In this London production her paramour is David Haig: back in his trademark moustache (we sort of missed it in his magnificent performance in the Madness of George III a couple of years back). He is a lovely Nathan Detroit: a middle-manager of the underworld, one minute assured in his crap-game management, the next cringing at Big Jule, but intensely likeable (and an unsuspectedly fine singer). And Jamie Parker reprises Sky Masterson – chiselled and cool, letting the the character breathe, hesitate, and genuinely change as he falls in love. the laughing cheer when he reappears with his Mission uniform had a real audience warmth to it.

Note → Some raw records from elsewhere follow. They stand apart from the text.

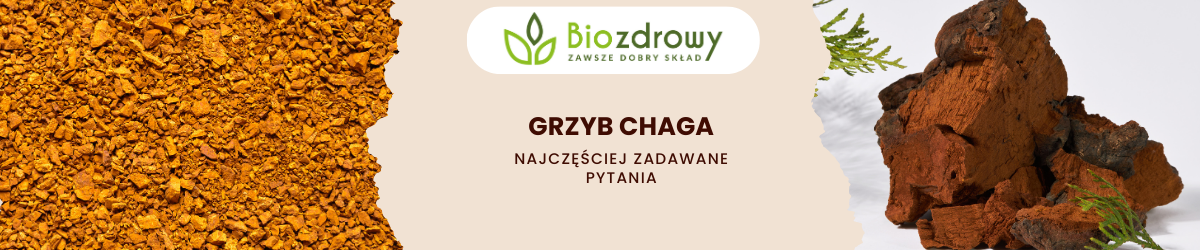 Grzyb chaga FAQ - zdjęcie poglądowe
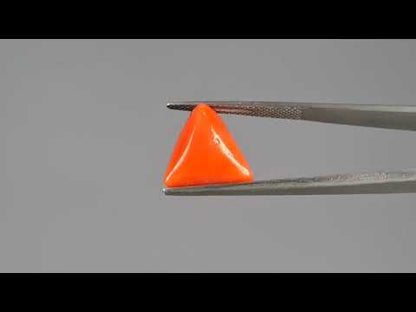 Red Coral (Moonga) - 7.48 Carats
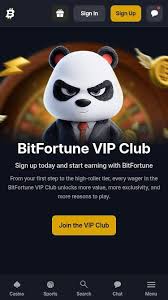 Canada Player Overview Exploring Bitfortune VIP Features Canada Player Overview Exploring Bitfortune VIP Features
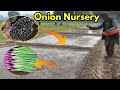 प्याज की नर्सरी तैयार करने की सरल सर्वोत्तम वैज्ञानिक विधि Grow onion nursery from seed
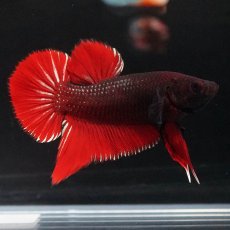 画像10: HMPK　レッドデビル (10)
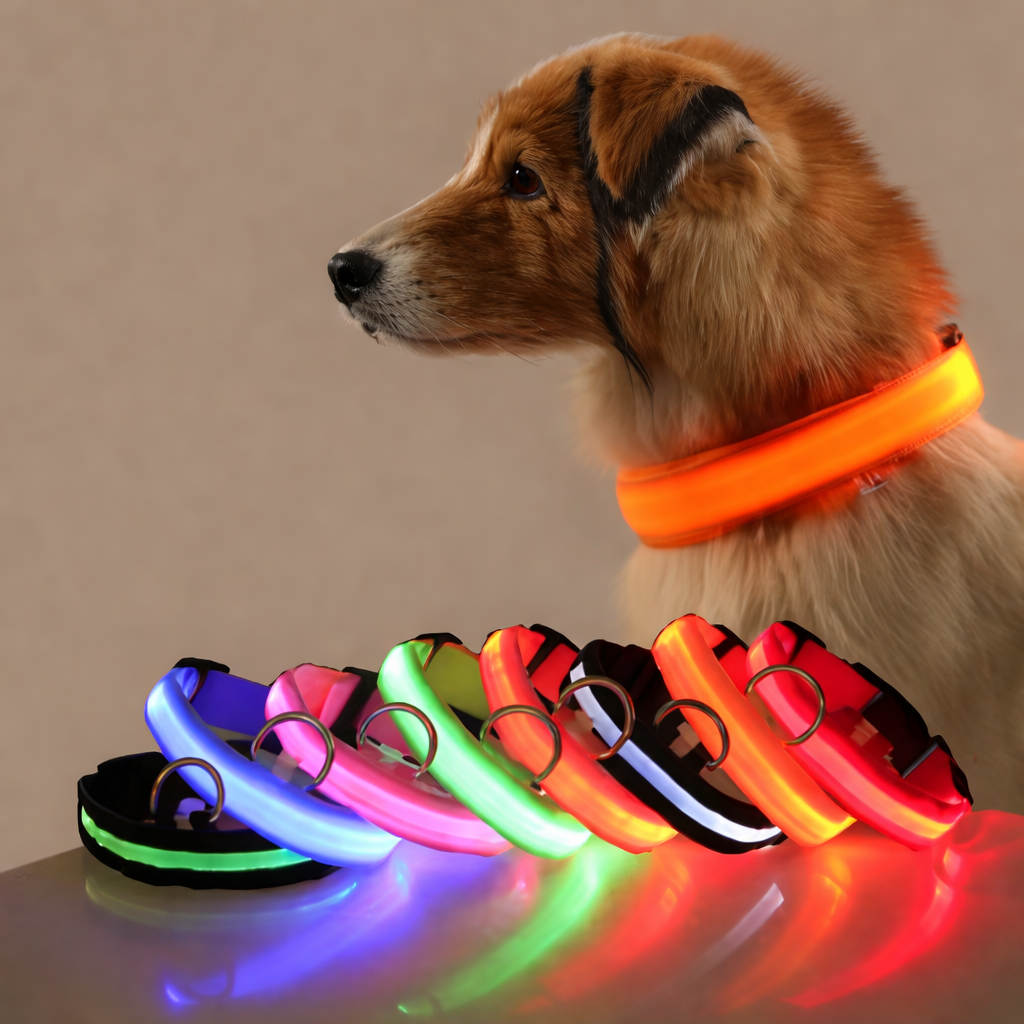 LED Night Safety Dog Leash – Luminous Glow Collar for Dogs
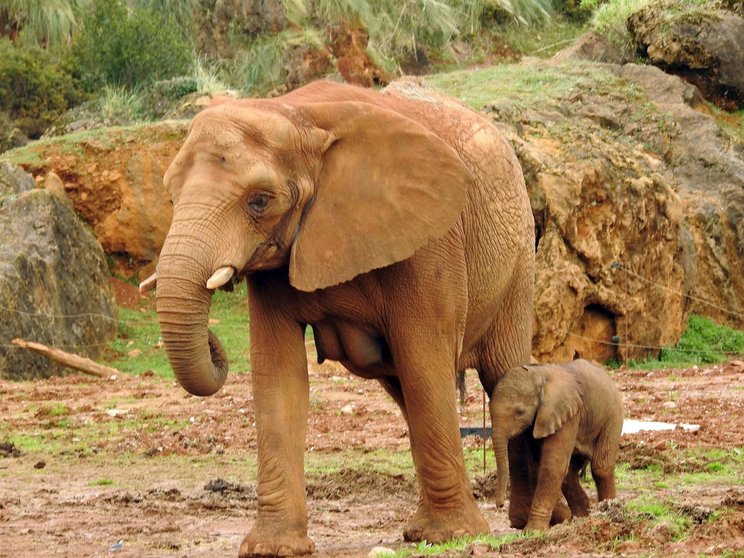 Foto De Elefanta Nacida En Pn Cabárceno El 22 De Febrero De 2020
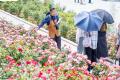 【県内最多5,700株の秋バラ × 初開催！10万輪の花と光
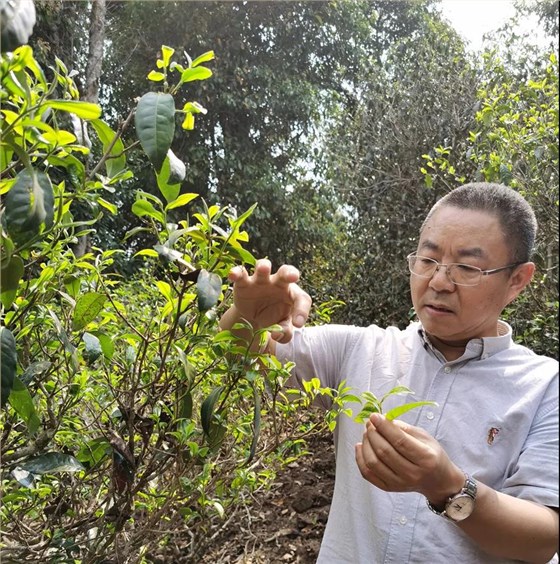 中吉號茶園基地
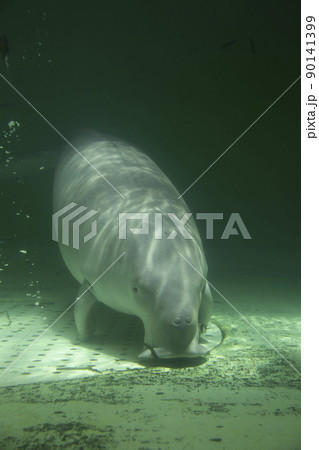 水族館 鳥羽水族館 ジュゴン 水中の写真素材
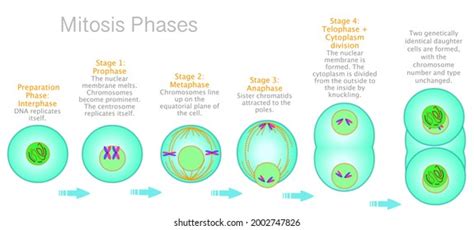 937 Metaphase Images, Stock Photos & Vectors | Shutterstock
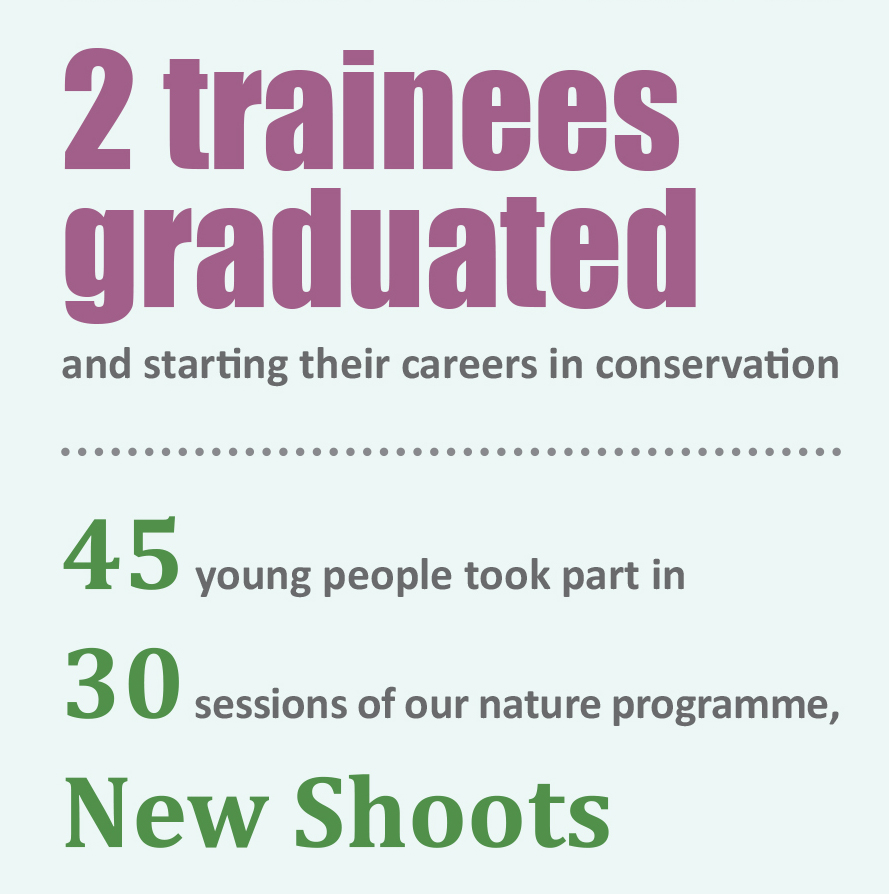 Chalk Cherries and Chairs Team tweet media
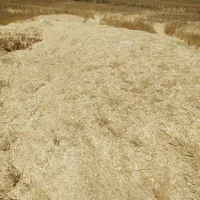 کاه نرم کاهکوب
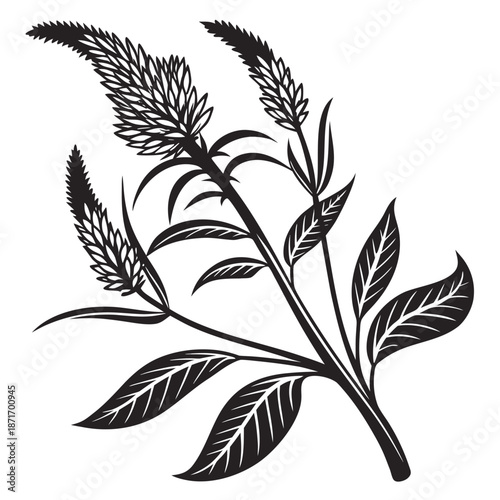 Celosia Flower Spikes with Lance-Shaped Veined Leaves Line Drawing Illustration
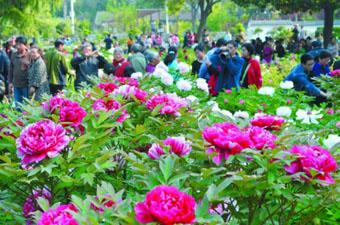 牡丹爭艷遊人眾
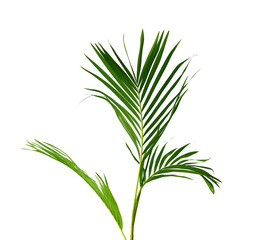 Palm leaves The green leaves of palm trees rests on white background.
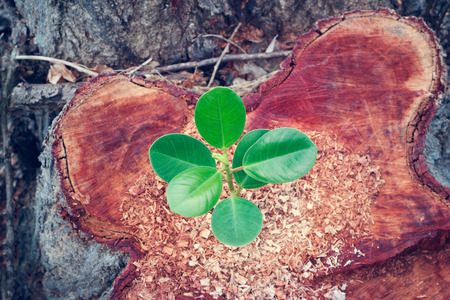 green plant growing on the bole of a tree cut off, top viewの写真素材
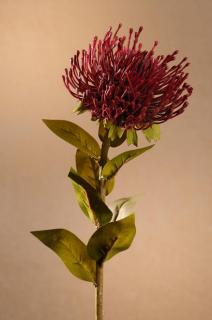 DRY PROTEA Aranžovací květina červená 73 cm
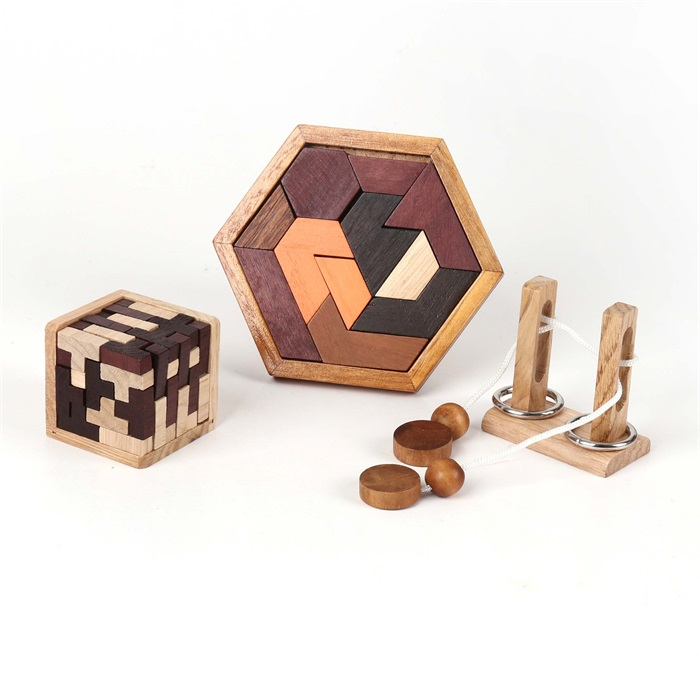 Robetoy | Mensa IQ puslespil - 3-i-1 Brain Bogglers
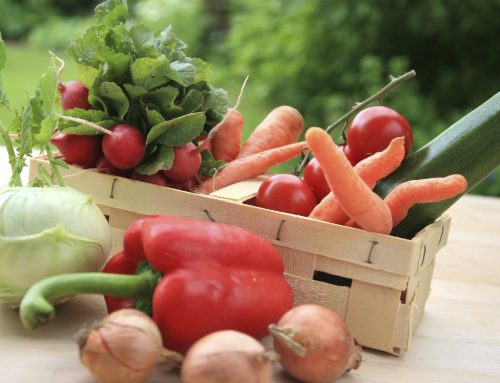Get Ready for a Delicious Harvest – The Top Fruit and Veg to Grow During Autumn in Australia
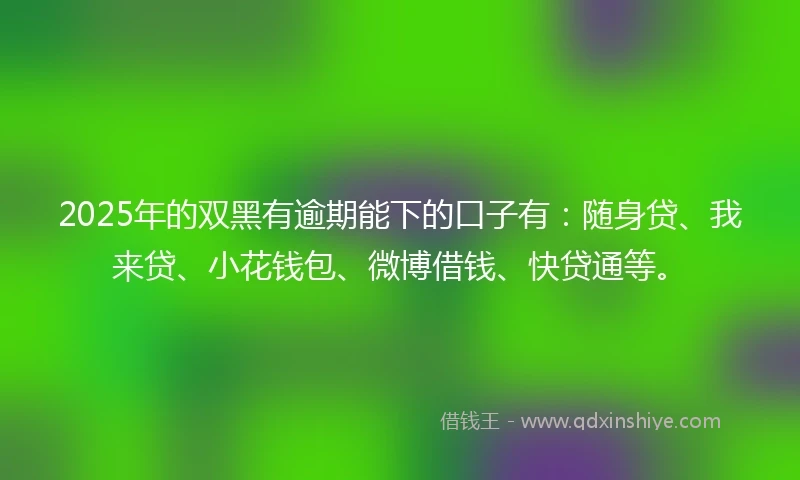 2025年的双黑有逾期能下的口子有：随身贷、我来贷、小花钱包、微博借钱、快贷通等。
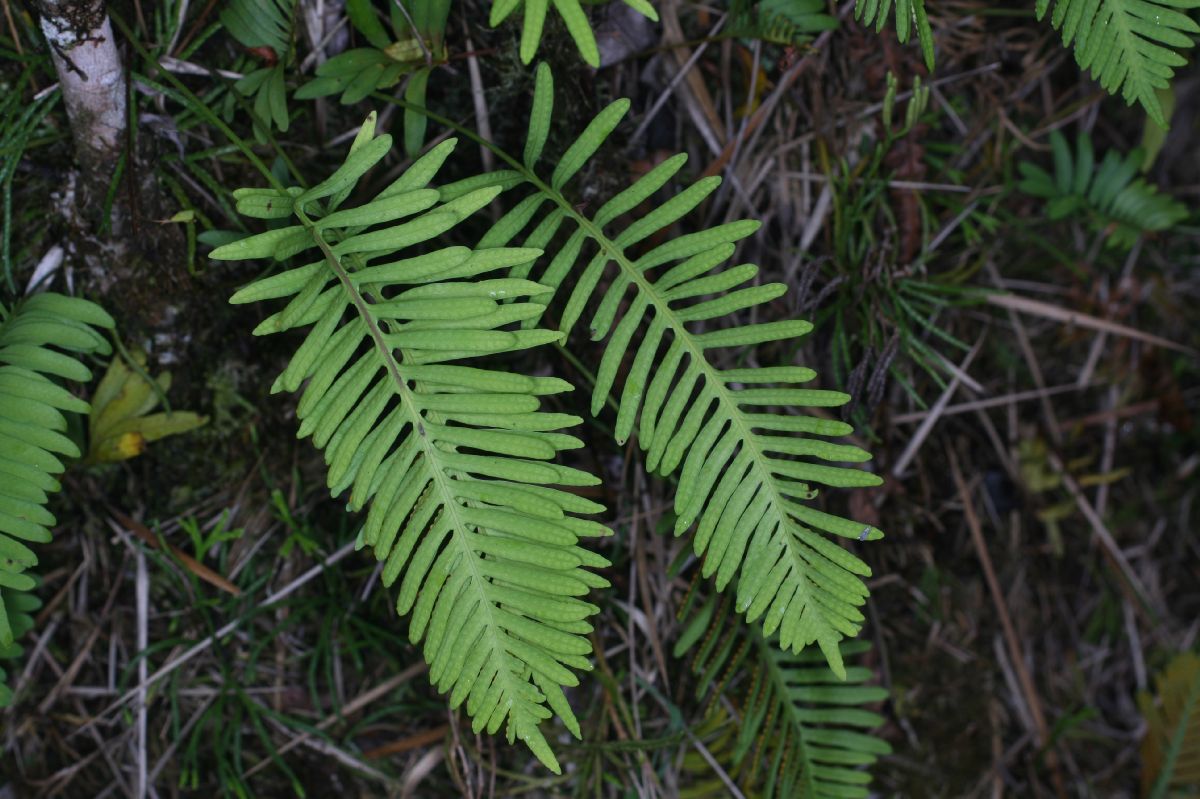 Polypodiaceae Pleopeltis remota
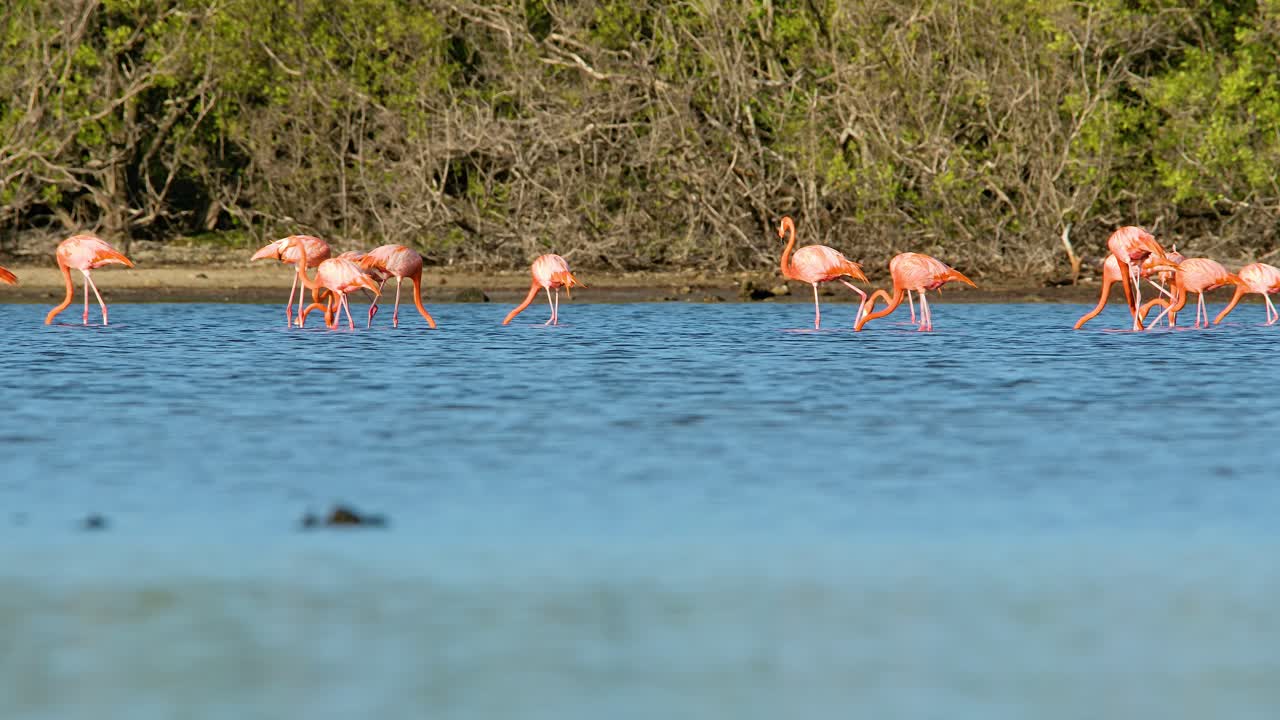 la bandada de flamencos se extiende y se reúne en una ubicación central frente al bosque de manglares
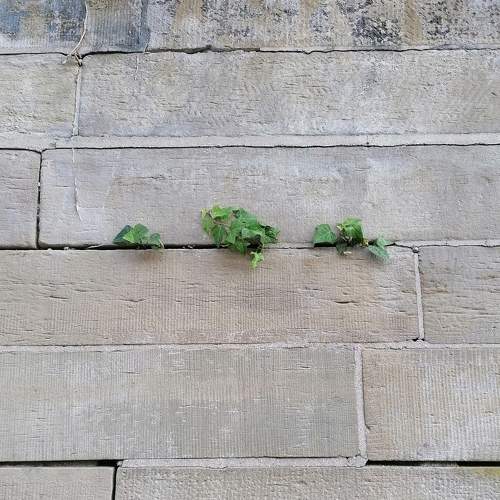 Plants growing on the Wall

And Greenberg’s detailed, loving production keeps its fine passing jokes: my favourite being the moment when he makes momentarily solid the women’s dreams of a ruralized Nathan and domesticated Sky. It takes only seconds, that, but adds to the sum of happiness; so does the real steam from the New York pavement gratings and the momentary appearance (twice) of a wobbly nun on a bicycle with a collecting-bucket.
So yes, the Chichester magic is still there. It can keep its full tally of happy, hoofing, dancing mice. It’s romping on into March, and a fine night out.